- Interactive map of Reiger Park
- Coordinates: 26°13′52″S 28°12′58″E﻿ / ﻿26.231°S 28.216°E
- Country: South Africa
- Province: Gauteng
- Municipality: Ekurhuleni

Area
- • Total: 3.46 km^{2} (1.34 sq mi)

Population (2011)
- • Total: 39,345
- • Density: 11,400/km^{2} (29,500/sq mi)

Racial makeup (2011)
- • Black African: 51.7%
- • Coloured: 46.6%
- • White: 0.3%
- • Other: 0.5%

First languages (2011)
- • Afrikaans: 43.1%
- • Xhosa: 13.4%
- • Northern Sotho: 12.6%
- • Sotho: 7.3%
- • Other: 23.6%
- Time zone: UTC+2 (SAST)

= Reiger Park =

Reiger Park is a coloured residential area that is situated close to Boksburg in the Ekurhuleni Metropolitan Municipality, Gauteng, South Africa. Historically, this township was once known as Stirtonville’s when it was first proclaimed. Boksburg municipality had been a residential centre, with a lake and quiet streets and was known as the mother town of the east rand. Following World War two and rapid industrialisation, people migrated into town, from rural areas seeking work on the gold mines and Stirtonville’s population doubled. The racially diverse community and its'proximity to the town of Boksburg would be re-shaped by Apartheid and Verwoerd's policies of separate development and forced removals.

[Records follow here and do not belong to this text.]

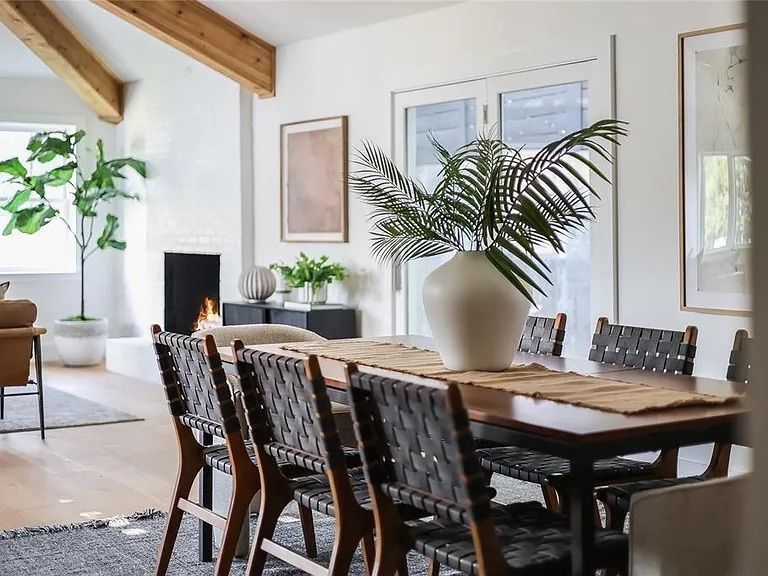 Dining room, Fireplace, Interior, Wooden Beams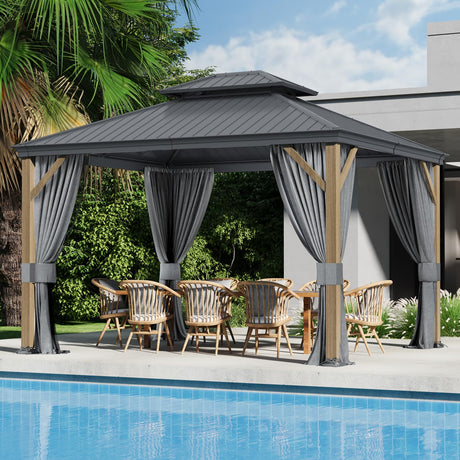 Florise 10x12 Ft Hardtop Gazebo, Heavy Duty Aluminum Frame Permanent Pavilion, Outdoor Double Roof Canopy, Curtain and Netting Included, Pergolas for Patios, Garden, Backyard, Lawns Florise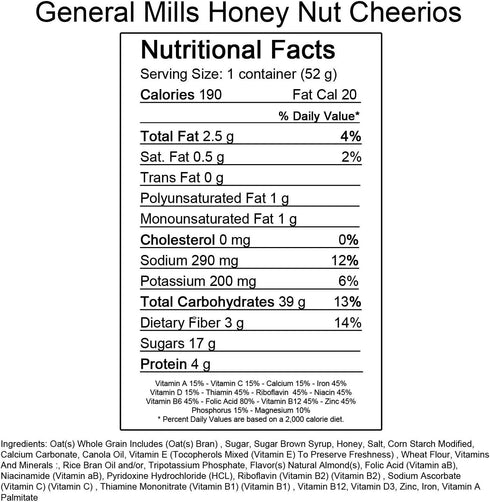 MegaDeal 2 oz. 12 General Mills Honey Nut Cheerios Cereal in a Cup - Cup - ct.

In 1963 / 64 the composition of this community was altered. Black people were moved to Vosloorus, the Indians to Actonville and those classified as "Coloureds" were either left to stay in Stirtonville, or "coloured" people were forcibly removed, from other East Rand towns and relocated to Stirtonville, where they initially lived in zinc houses. The area was renamed as Reiger Park and gangsterism and drugs became prominent social issues.

In 1987, in the local elections, when the Conservative Party attained a majority in the local council elections, petty apartheid was re-introduced into the town of Boksburg. Reiger Park residents responded to this with a consumer boycott, also known as the Boksburg Boycott. In 1988, residents of Reiger Park staged a protest picnic in a traditionally whites only recreation area, and were beaten up,

Locals residents have given their own unofficial names to the different areas of Reiger Park, such as Jerusalem (due to the many churches in that area); Excuse Me (due to the houses being close together that neighbours say "bless you" when one sneezes); Popcorn Valley, a RDP housing developed in the 1990s with homes popping up so fast that they were likened to popcorn. 1997, the Popcorn Valley area was another township afflicted by violent rent boycotts.

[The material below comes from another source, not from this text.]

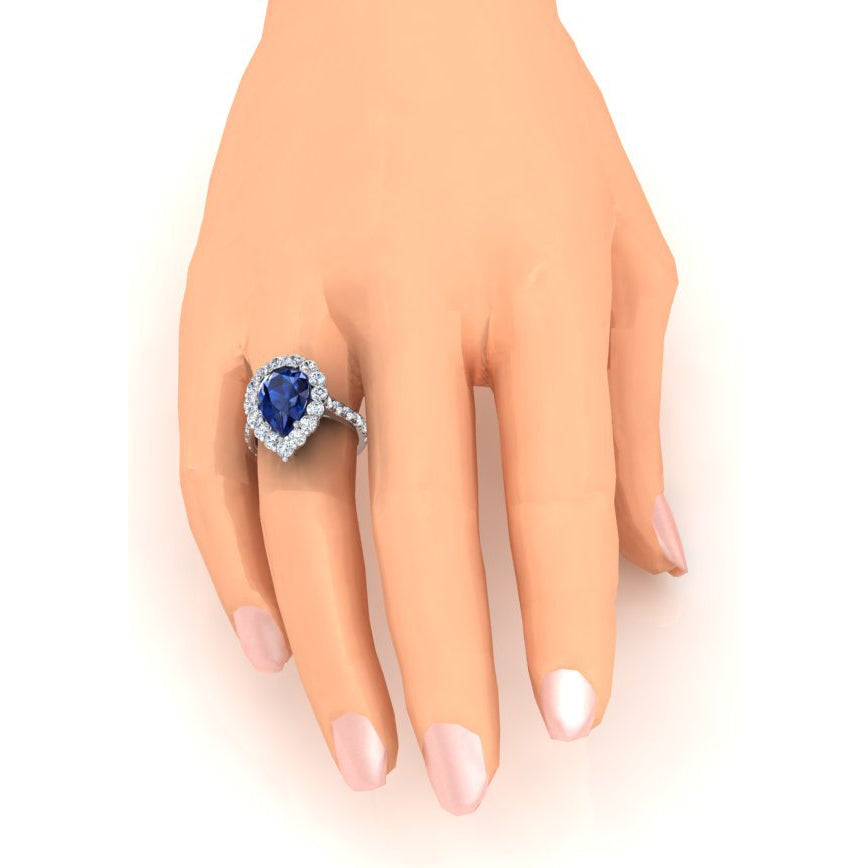 Halo Edelstein Ring Birne Blauer Saphir Gold Damenschmuck 8 Karat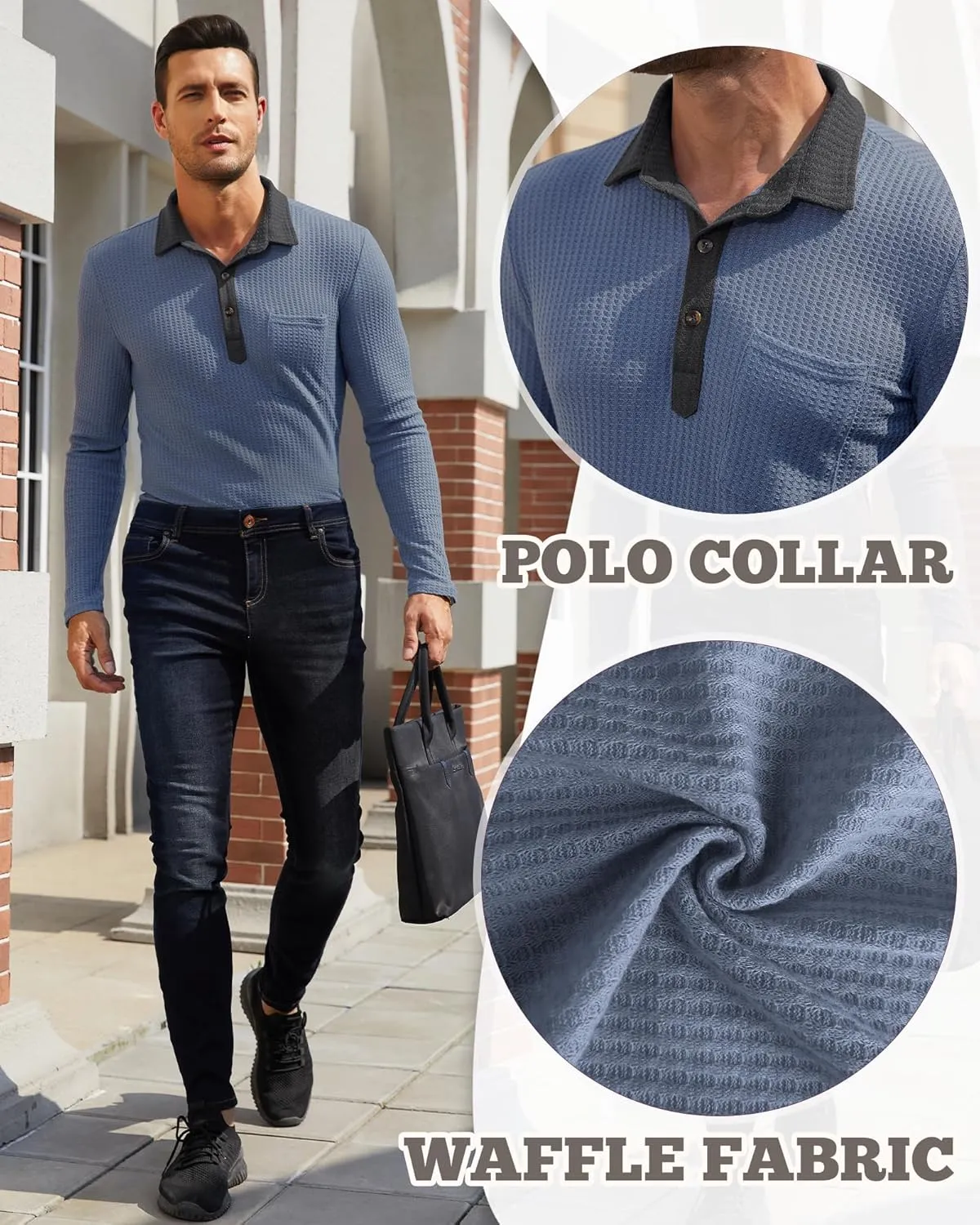 Men's Knit Long Sleeve Polo Shirts Casual Shirts Lightweight Waffle Texture Slim Fit Polo Shirts for Men with Pocket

Ramaphosa is an informal settlement that was established to the west of Reiger Park in 1994. The disparities between Reiger Park and Ramaphosa are stark. Residents face untarred roads, inadequite sanitation, water, and waste disposal. Over crowding exacerbates infrastructure and illegal electricity connections leads to over burdened transformers, disconnections and protests. Abandoned mine shafts and mine dumps introduce further health and environmental challenges.

On 11 May 2008, foreign nationals were violently attacked. Reiger Park and Ramaphosa were a prominent sites of violence during the 2008 anti-immigrant riots. . International media captured Ernesto Alfabeto Nhamuave's emmoluation on headline news and the area was described as a "war zone", with residents reporting that 12 people were killed. Parliament visited Alexandra, Tembisa, Germiston and Reiger Park, Ramaphosaville to probe the violence and attacks.

Galeview, a section of Reiger Park, is also considered to be a hot spot, due to gangsterism and mastermind criminals who reside in the area.

==Famous Residents==
In 1965, the South African footballer, Albert Johanneson, whose parents were forcibly moved to Stirtonville, played for Leeds United as winger in English FA Cup Final and became South Africa's first black English football superstar.
Reiger Park is also the home town of former Kaizer Chiefs midfielder Bernard Parker who was born and raised there, as well as Shandre Campbell who played for Club Brugge KV.